When most people at the mall are wearing jumpers and long trousers on a cool autumn day, Peter Rejcek is in shorts.

The reason being the The Antarctic Sun editor has just spent more than four months on the world’s coldest continent.

Antarctica’s only newspaper dates to 1960, when US Navy members published the McMurdo Sometimez because “sometimez” they would have a newspaper and “sometimez” they would not.

Rejcek has been to Antarctica 10 times for a cumulative “ice time” of more than two years.

Returning to Christchurch can be a culture shock, he says.

“You have to remember to pay for things when you leave a restaurant,” Rejcek says, explaining that in Antarctica room and board are provided. There is also the issue of crossing streets.

“You don’t have to think to look right when you cross the street [in Antarctica].”

He was one of about 2500 US Antarctic Programme (USAP) personnel and contractors who passed through Christchurch on their way to Antarctica this past summer.
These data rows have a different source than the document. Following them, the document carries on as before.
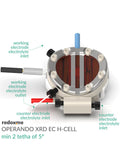 Operando XRD EC H-Cell, min 2θ of 5° - MSE Supplies LLC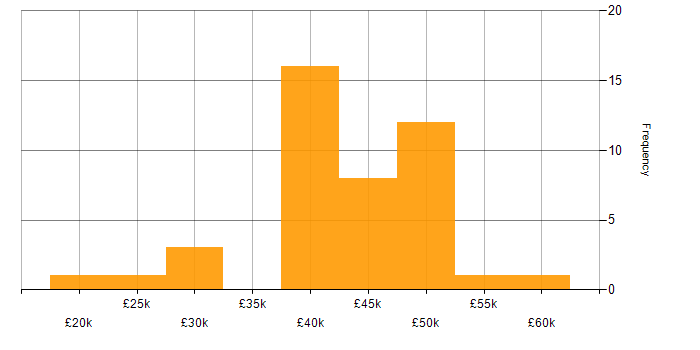 Salary histogram for Analytical Skills in South Wales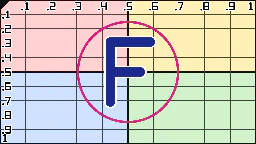 angle = 6.2832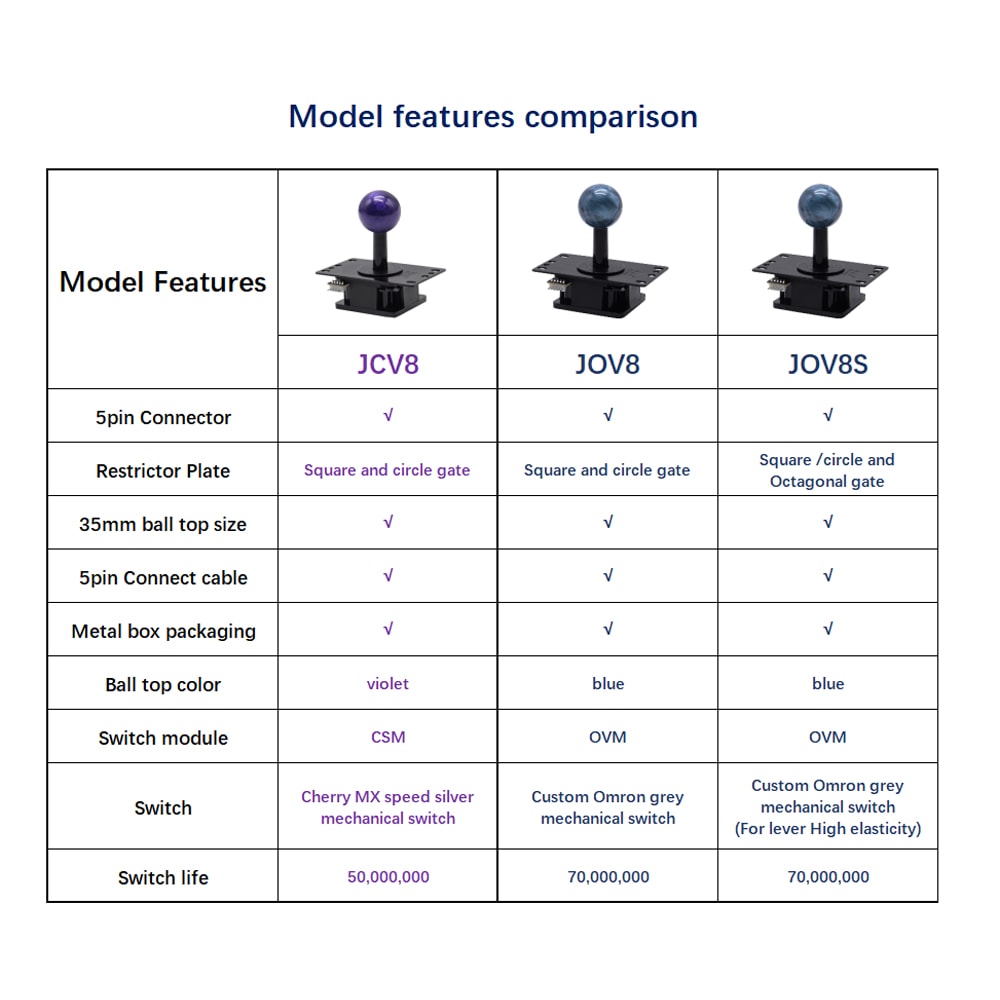 静音】 Qanba Gravity Mechanical Shafts Switch Silent Lever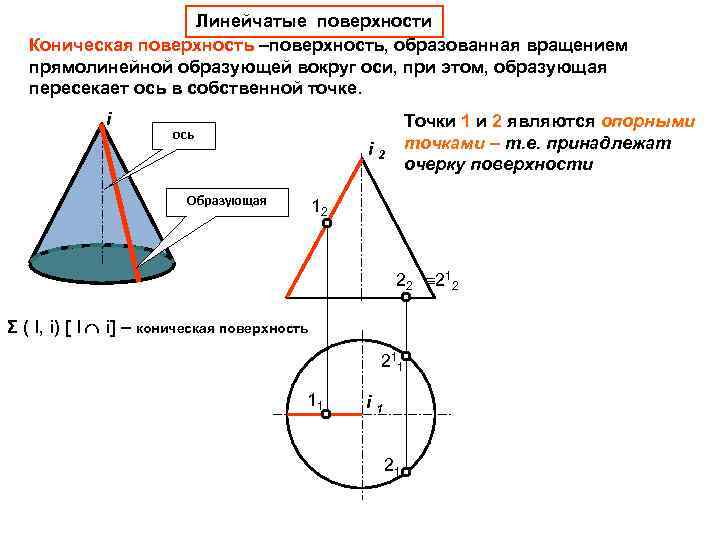 Линейчатые поверхности Коническая поверхность –поверхность, образованная вращением прямолинейной образующей вокруг оси, при этом, образующая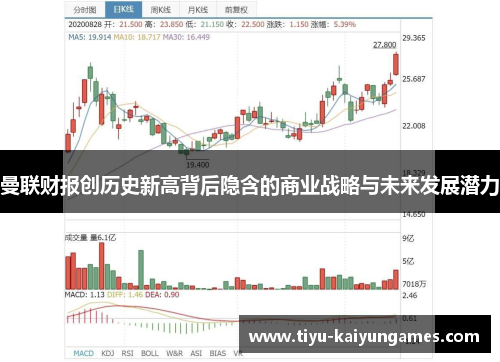 曼联财报创历史新高背后隐含的商业战略与未来发展潜力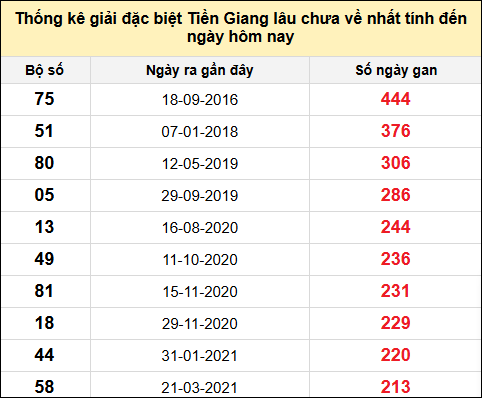 TK giải đặc biệt XSTG lâu chưa về nhất đến ngày 10/8/2025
Rejcek, who was based at McMurdo Station from October until February 17, says he did not see a sunset the entire time he was there.

As part of his work in Antarctica this summer, Rejcek travelled to the South Pole, where he previously spent a year from 2003-2004 as a carpenter helper.

He also visited the Allan Hills, where he was able to meet palaeontologists studying plant fossils.

The project was one of more than 100 the USAP conducted during the summer.

Although he misses some of the people in Antarctica and events like Icestock – a music festival at McMurdo featuring bands made up of on-base personnel – Rejcek says he is grateful for a few things Christchurch has that Antarctica does not, like the “giant, beautiful trees” in Hagley Park.

With so many Antarctic personnel passing through Christchurch, he says it is not uncommon to meet fellow “ice people” when out and about.

USAP has used Christchurch as a “gateway” to Antarctica since the 1950s and the partnership resulted in about 21,000 total nights spent by USAP contractors and personnel at Canterbury hotels this summer.

Rejcek says fully booked hotels due to events including the Cricket World Cup and Te Matatini meant that some people were forced to lodge in Methven instead of close to the USAP’s facilities near Christchurch Airport. Christchurch Mayor Lianne Dalziel says Antarctic links are very important, injecting more than $100 million into the local economy.